**What is needed**
Which lines run from the start of the material below through the line containing "Mikey still looks"? Retype them exactly, pictures excluded.

**Given records**
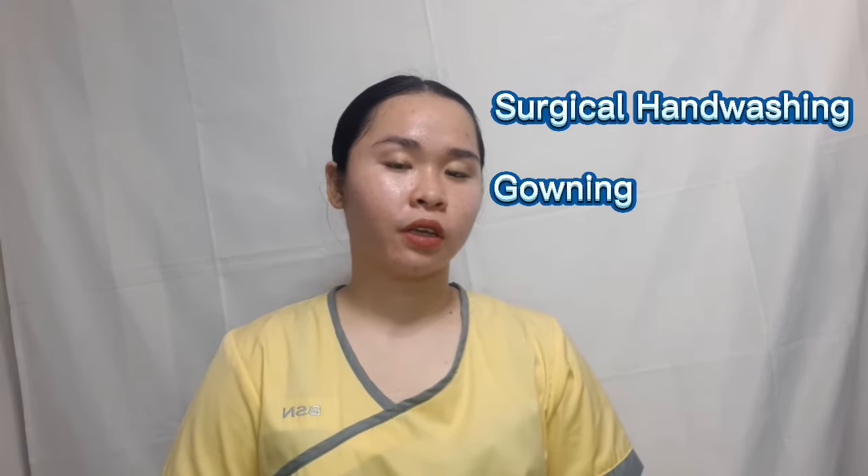Good day everyone. I'm Mara Cristina Gabriel, a student nurse, and I'll be performing surgical handwashing, gowning, and gloving.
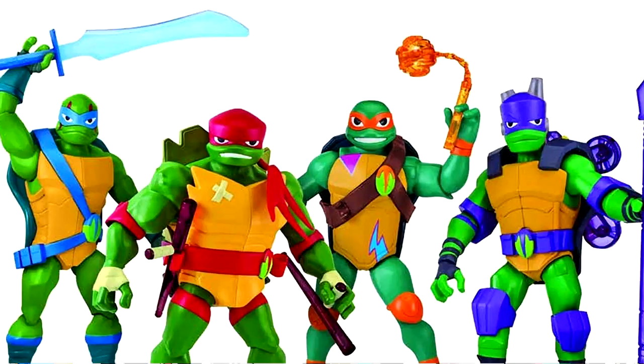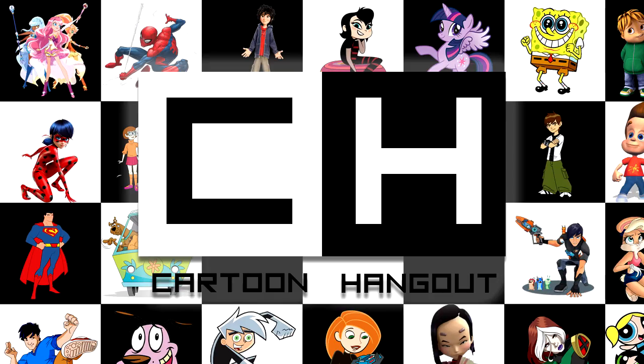Mikey still looks decent, as does Leo, but the others were not as lucky. They are your standard action figures. What is interesting is that two new characters are revealed through these toys: a newly designed foot soldier and what appears to be a brand new villain, Meat Sweats.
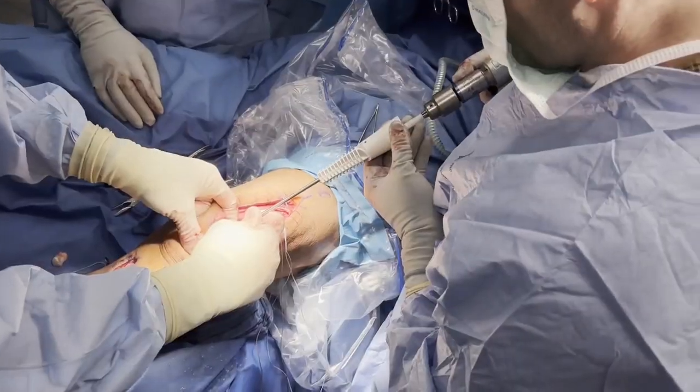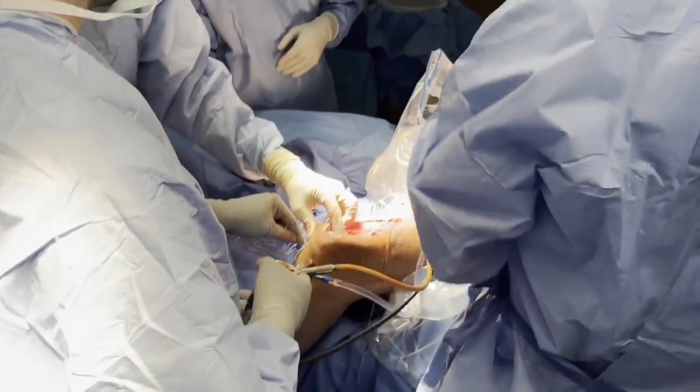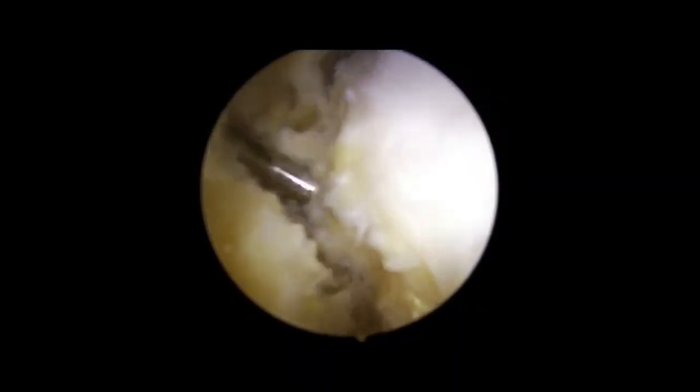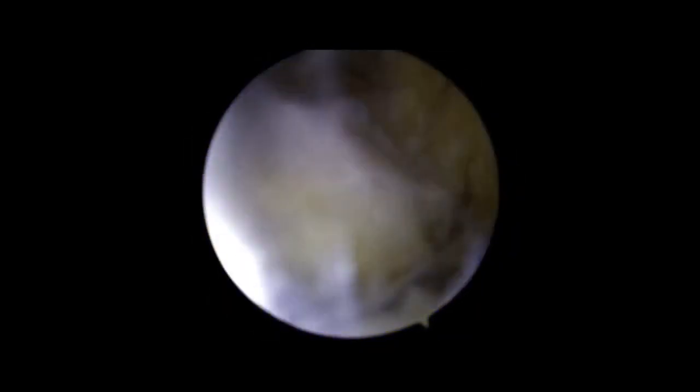Three Q-fix anchors are then placed at the decorticated superior pole of the patella. Arthroscopy is then initiated, and an extensive anterior interval and fat pad debridement is performed to release the patella and allow proper restoration of patellar height. The knee compartments and injured articular structures are evaluated at this time.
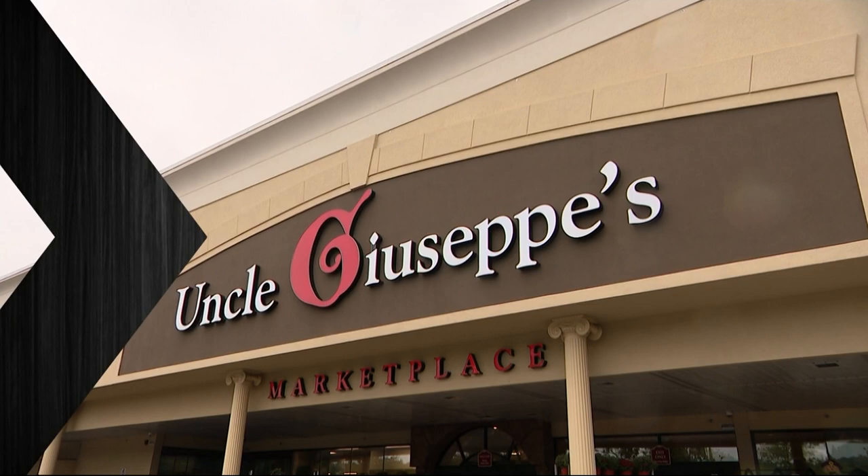Have you ever wanted to learn how to make a quiche? Now is your chance. We're going to head over to Vinny. He's at Uncle Giuseppe's Marketplace. He's going to show us how.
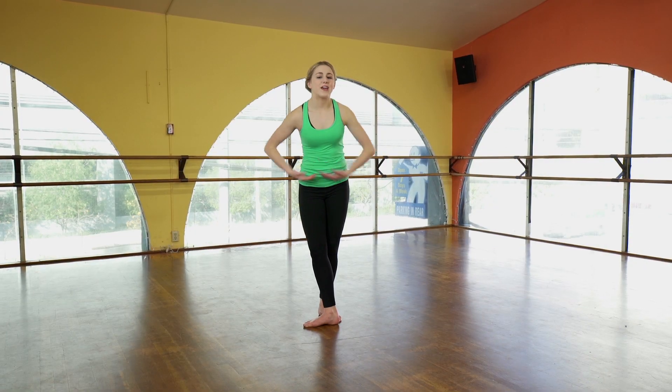Hey guys, I'm here with a second count of eight. I hope you've been practicing. Let's get started. So last time we ended here.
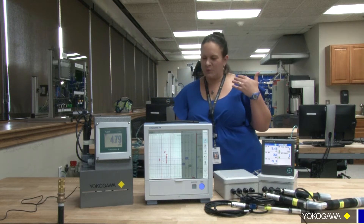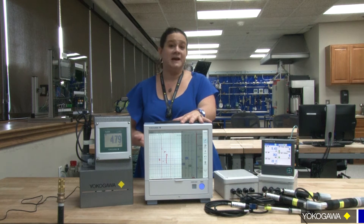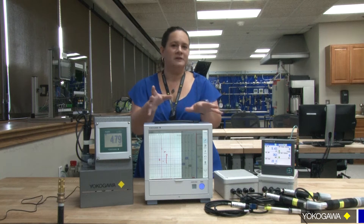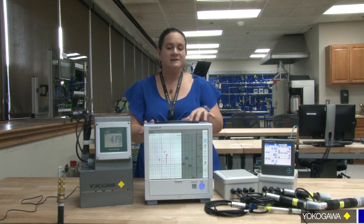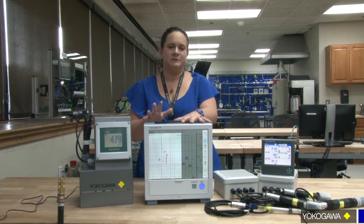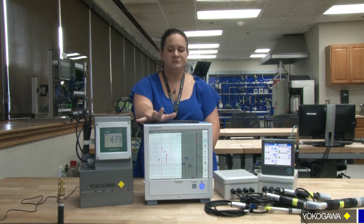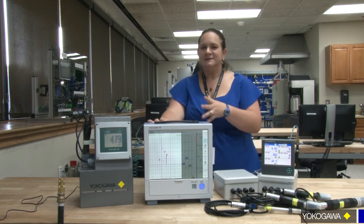Again, the FX and the GX have multiple different features. I don't work for our recorder division, so I can't show you all the extra bells and whistles, but I know there are a lot of other features in there. You can take in more than just a pH or a p-sensor — you can take any other device that has a signal coming into it. So if you already have one or if you need to record your data anyway, they're a great feature.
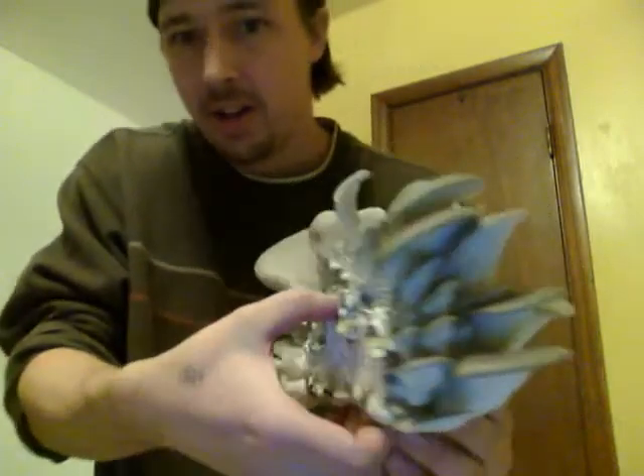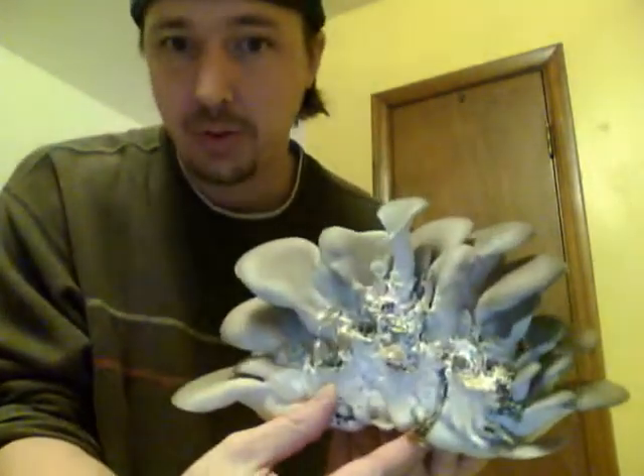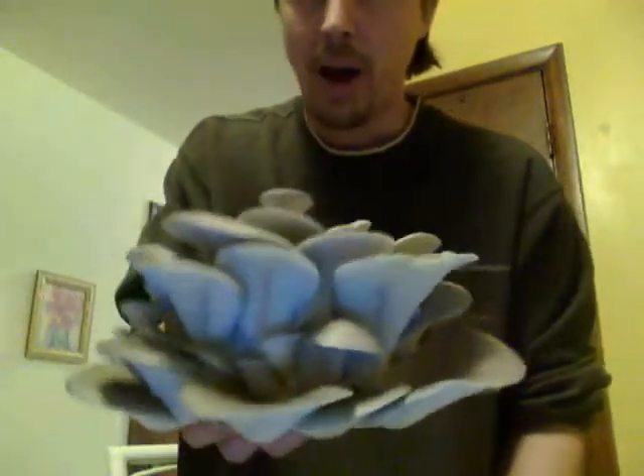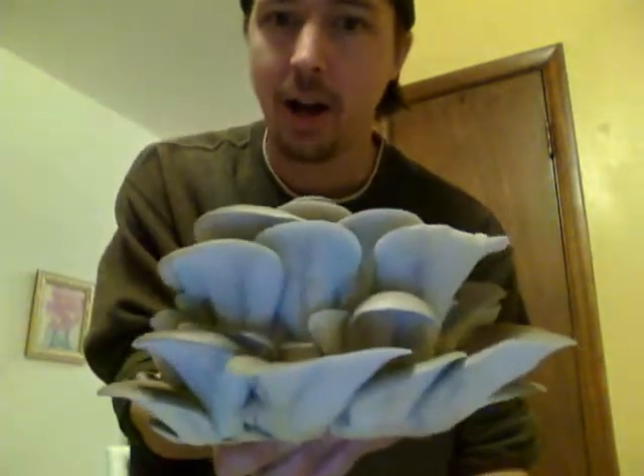It is heavy. I don't know if there's still a bunch of crap stuck to there, but it's just solid. It's way over a pound. I don't have a scale on me right now, but this is just a huge plume to get out of the foam books.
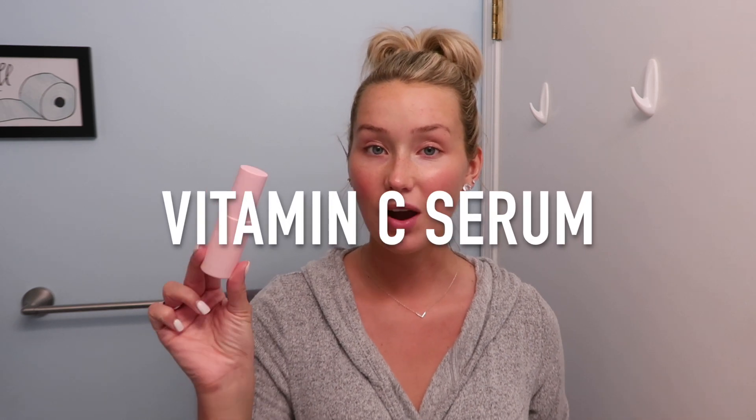Now moving on to the last product, the Kylie Skin Vitamin C Serum. I was wrong — this is actually a glass bottle, which is good because serums need to be in dense, colored bottles since a see-through or plastic bottle that heats up can change the consistency. Serums are supposed to be kept at a cool temperature and in the dark. I'm glad she put this in a more secure bottle. I'm very excited to try it.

**Solution for this problem**
Good day everyone. I'm Mara Cristina Gabriel, a student nurse, and I'll be performing surgical handwashing, gowning, and gloving.
Mikey still looks decent, as does Leo, but the others were not as lucky. They are your standard action figures. What is interesting is that two new characters are revealed through these toys: a newly designed foot soldier and what appears to be a brand new villain, Meat Sweats.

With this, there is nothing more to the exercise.